(AVAILABLE DATA)

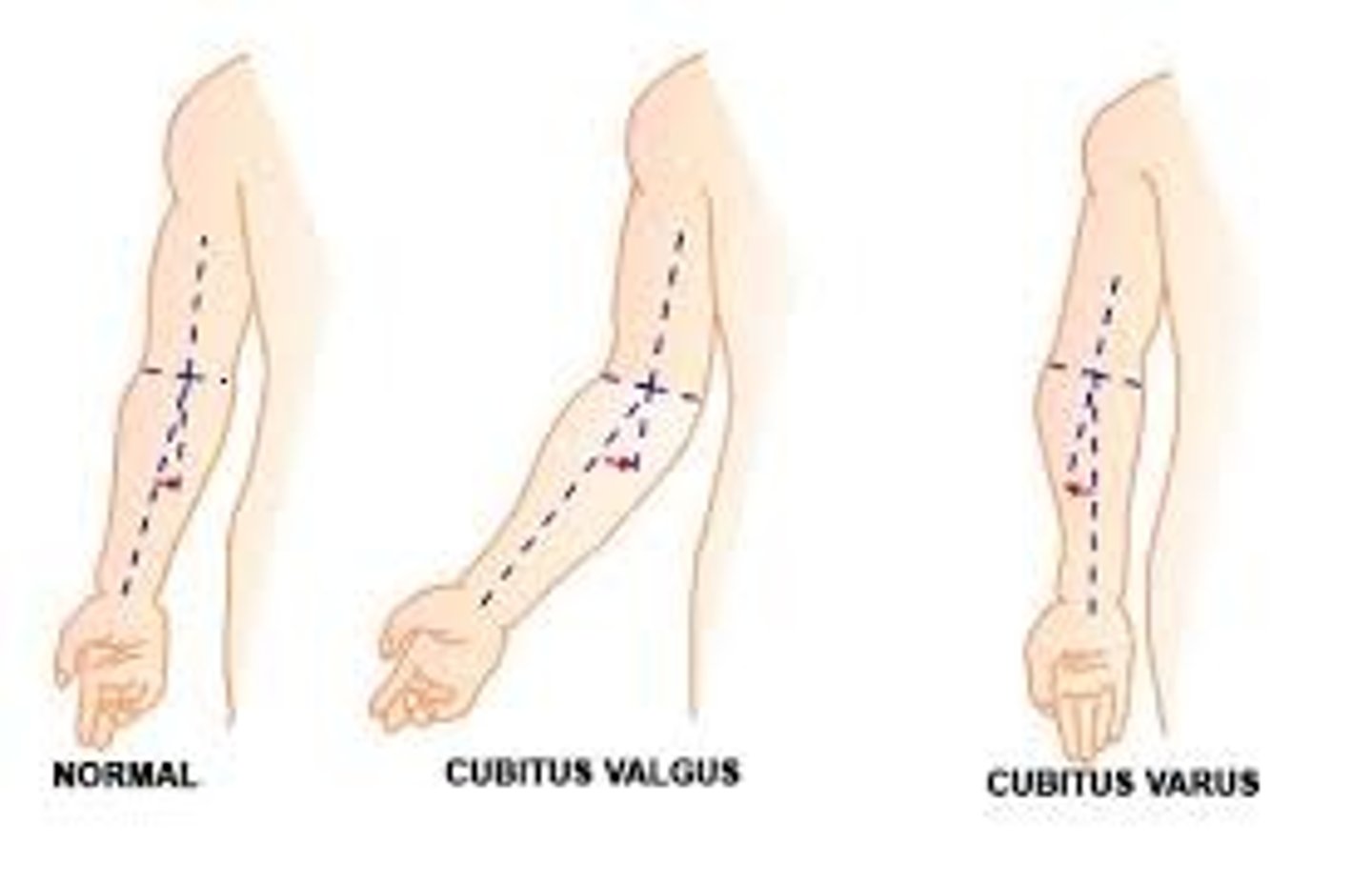 <p>Cubitus valgus</p>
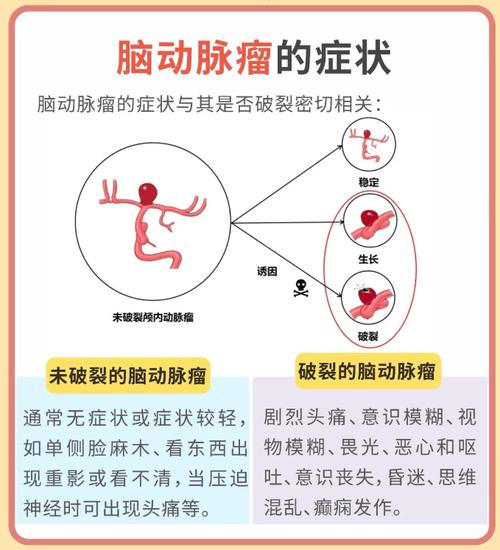 82岁老人头痛晕倒 竟是因为脑动脉瘤破裂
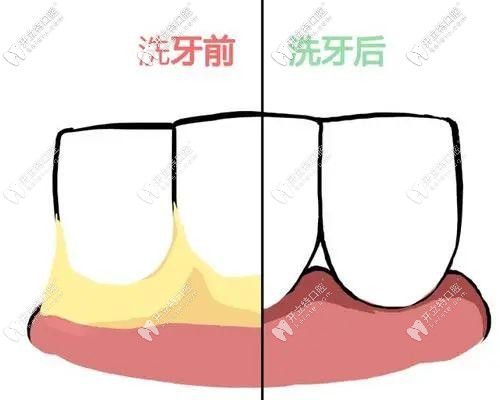 洗牙后牙縫會變大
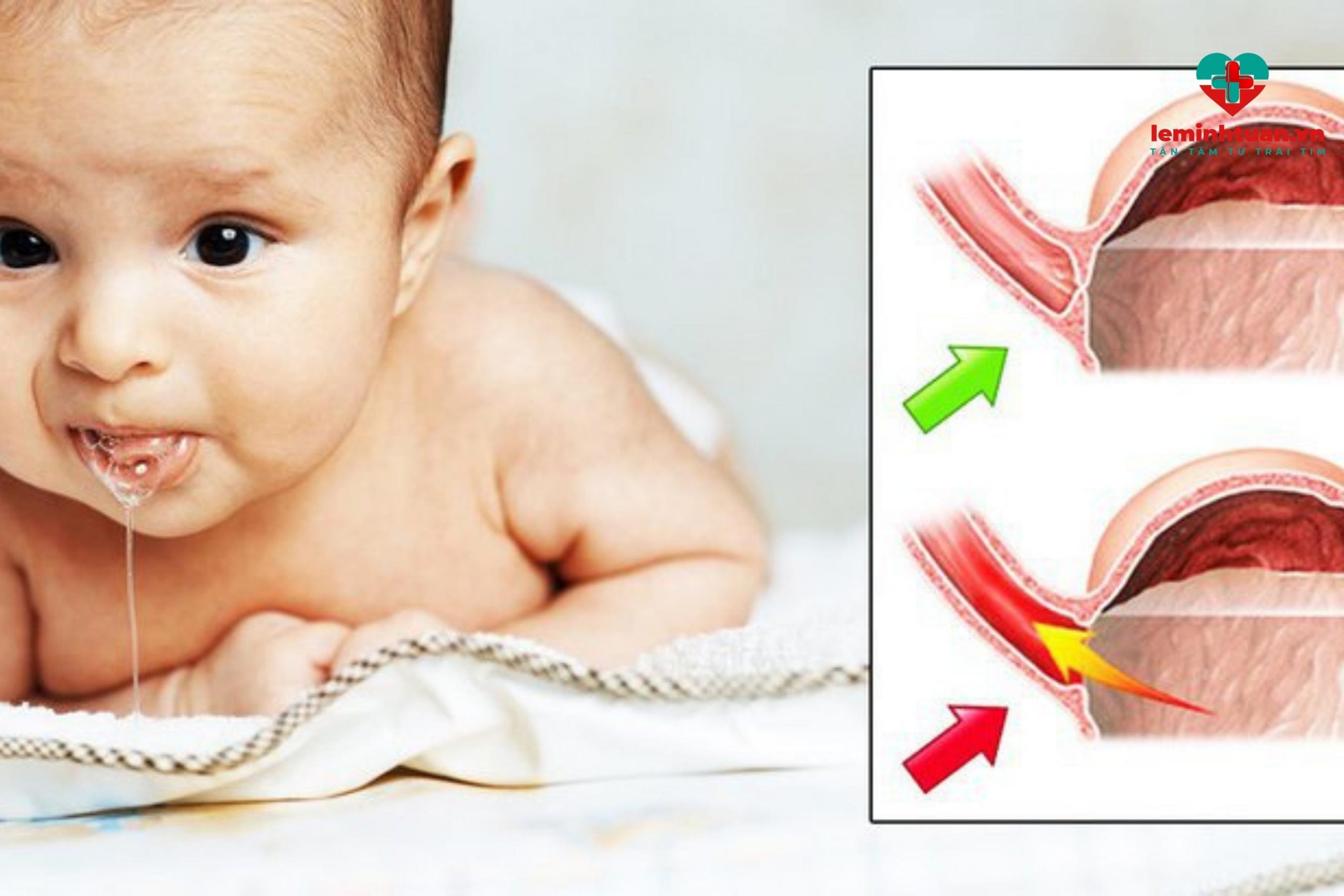 Trẻ 2 tuổi ăn vào là bị nôn do bé bị trào ngược dạ dày thực quản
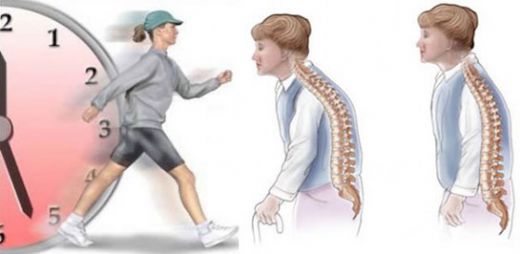 Kuyruk Sokumu Kemiği Ağrısı Belirtileri ve Tedavisi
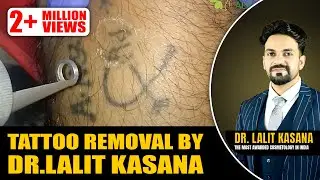TATTOO REMOVAL by Dr.Lalit Kasana (IN HINDI)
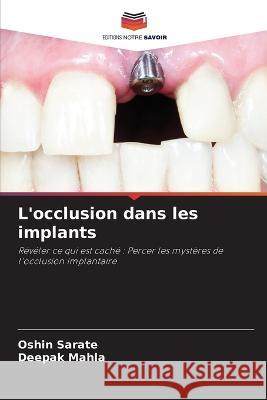 L'occlusion dans les implants Oshin Sarate Deepak Mahla  9786206119852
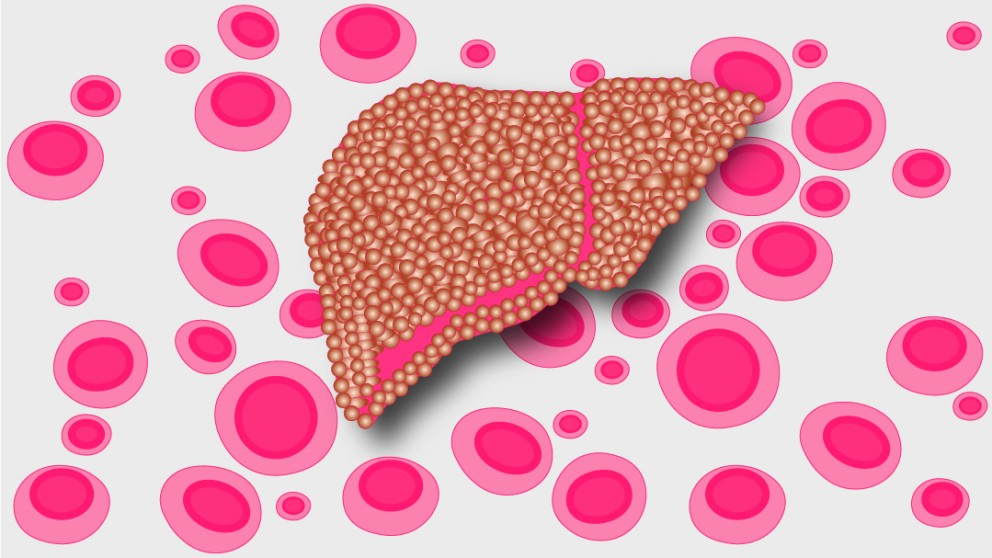 Mistakes in coagulation in liver disease and how to avoid them
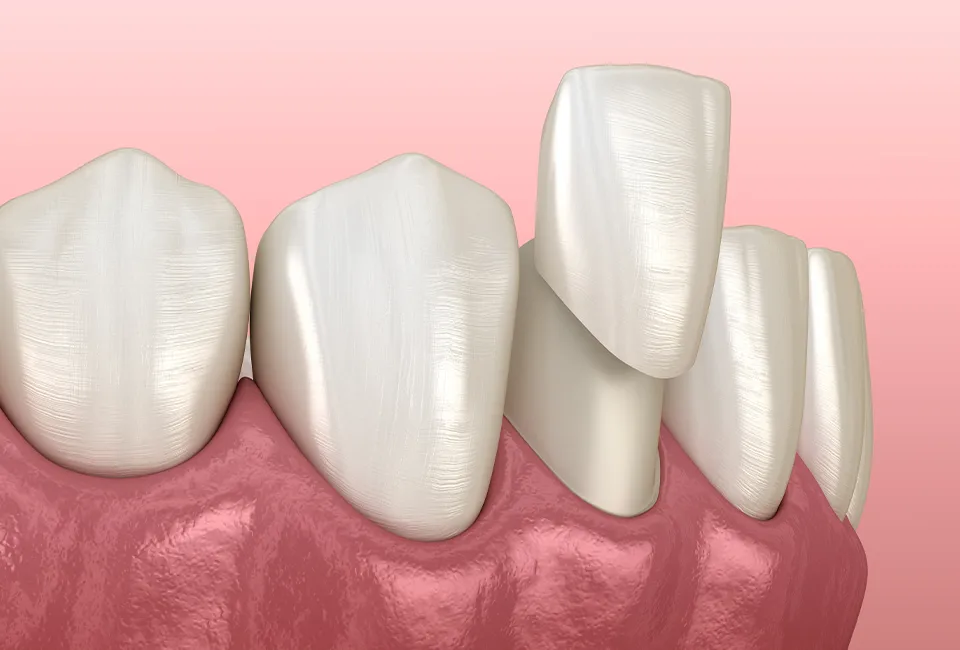 veneers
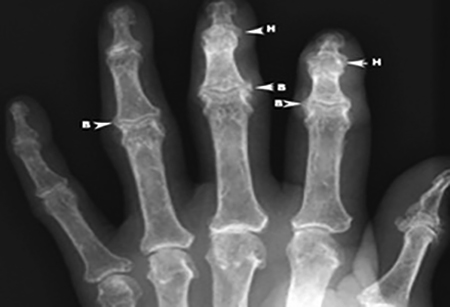 Артроз на рентгеновском снимке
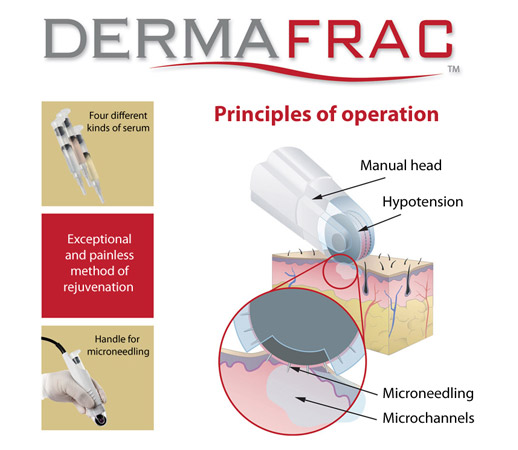 Dermafrac Treatment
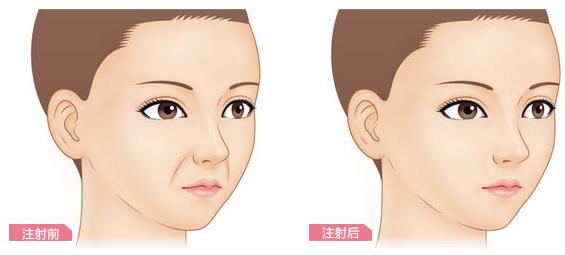 自体脂肪填充鼻唇沟赶走法令纹年轻不是梦 抽脂失败修复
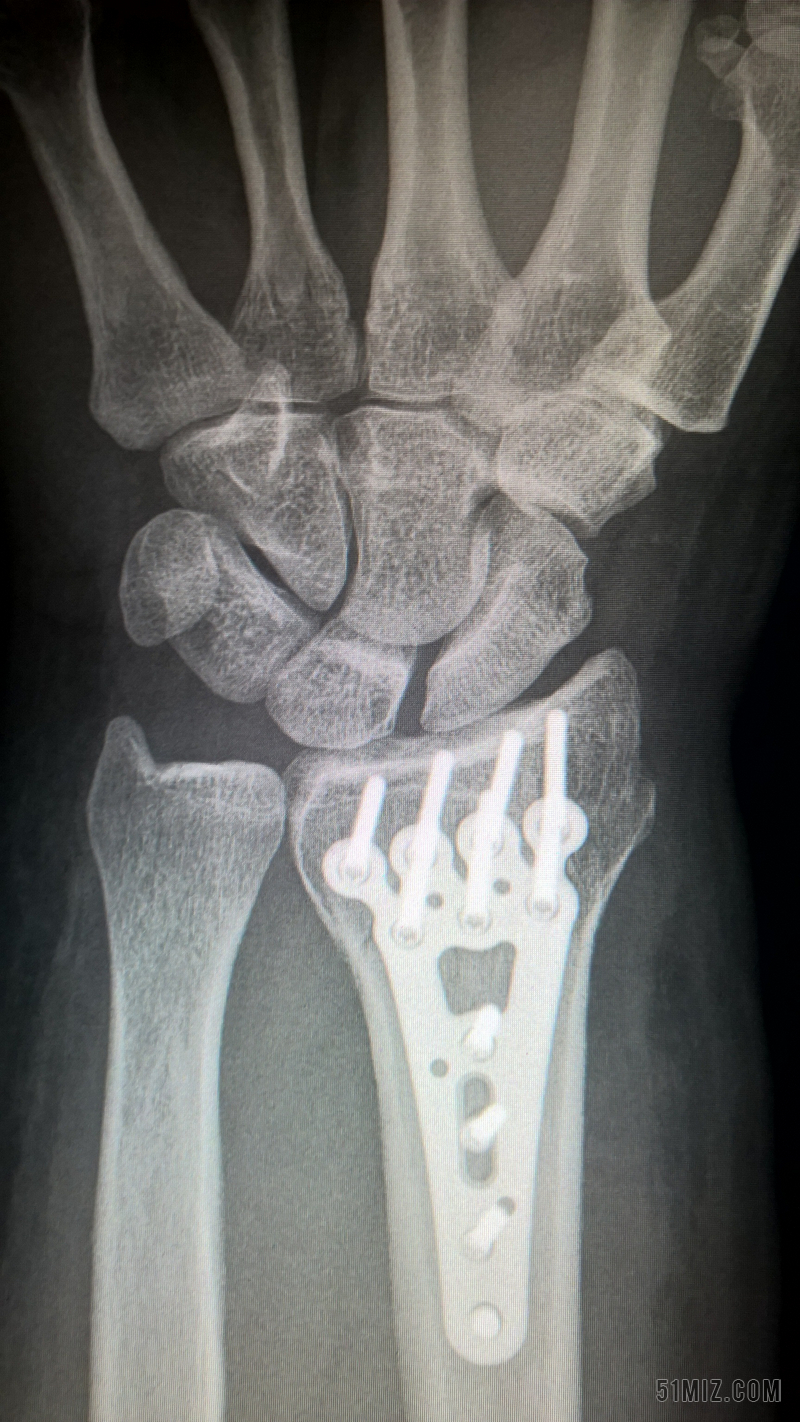 尺骨骨折手术钢板图片图片
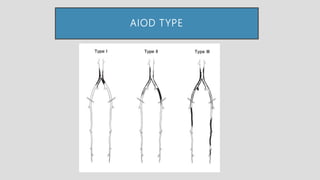 Aiod | PPTX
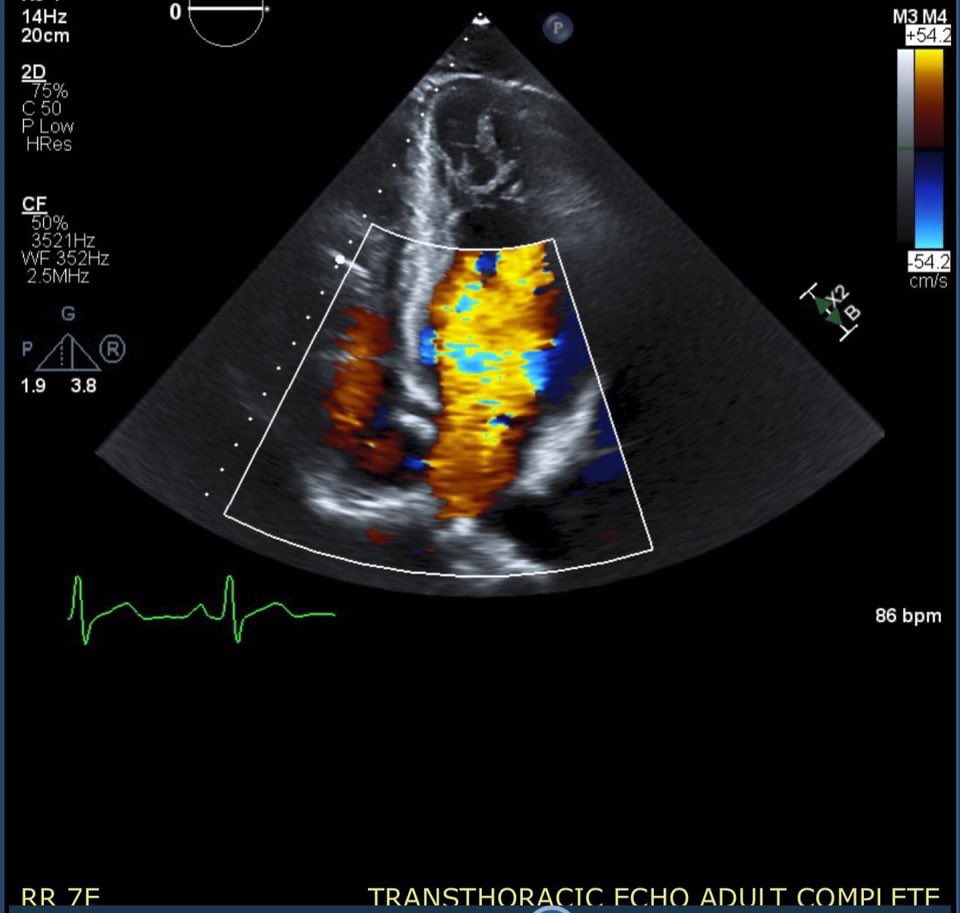 Heart scan.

(End AVAILABLE DATA)

→ WORK TO BE COMPLETED:
Generate a word-for-word copy of the preceding records, excluding all pictures.

→ EXERCISE RESULT:
 <p>Cubitus valgus</p>
 82岁老人头痛晕倒 竟是因为脑动脉瘤破裂
 洗牙后牙縫會變大
 Trẻ 2 tuổi ăn vào là bị nôn do bé bị trào ngược dạ dày thực quản
 Kuyruk Sokumu Kemiği Ağrısı Belirtileri ve Tedavisi
TATTOO REMOVAL by Dr.Lalit Kasana (IN HINDI)
 L'occlusion dans les implants Oshin Sarate Deepak Mahla  9786206119852
 Mistakes in coagulation in liver disease and how to avoid them
 veneers
 Артроз на рентгеновском снимке
 Dermafrac Treatment
 自体脂肪填充鼻唇沟赶走法令纹年轻不是梦 抽脂失败修复
 尺骨骨折手术钢板图片图片
 Aiod | PPTX
 Heart scan.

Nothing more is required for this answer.